This past week I have been digging into my archives, both on paper and online, to unearth poetry I have published out into the greater world. Unfortunately, some of my best work has gone offline with journals either folding or starting over from scratch and I am without screen captures of them as they appeared. Without being overly sentimental, I am trying to catch what I can of what is left out there and do a better job of archiving my work in the future. That is the positive portion of this exercise. There is indeed a future. I have found that writing is a great deal of what I have felt was missing in my life lately and I am making a concerted effort to get back to it while not letting other creative ventures fall away. It will be quite a balancing act, but not one I am unfamiliar with.

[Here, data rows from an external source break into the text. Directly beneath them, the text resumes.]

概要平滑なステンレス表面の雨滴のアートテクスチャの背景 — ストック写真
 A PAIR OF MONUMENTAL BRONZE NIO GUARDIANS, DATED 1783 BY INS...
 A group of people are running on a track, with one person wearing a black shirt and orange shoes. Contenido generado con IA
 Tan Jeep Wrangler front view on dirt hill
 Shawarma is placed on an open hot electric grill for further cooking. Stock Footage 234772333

Before I do anything else, here is a capture of the first poetry I was ever actually paid for. Yes, real money, by check. Most poetry journals pay in copies if they are printed and if online, not at all. But then again, the prestige of being selected for some is fairly great when hundreds or thousands of other writers are competing for the same spots. I never did cash that check, and I never did get around to framing it as proof I was doing something I loved for money, but here is the work that got me remuneration. (From Issue 16, Winter 2006 of Ducts at ducts.org)
Second up is a piece from an online magazine I really revered over the years, Eclectica. There are not really words to express the emotions roiling up when I found out they had chosen one of my favorite pieces of work for their October/November 2005 issue. I pulled this screen capture but I somehow wish I had every issue of their journal in print in my own library.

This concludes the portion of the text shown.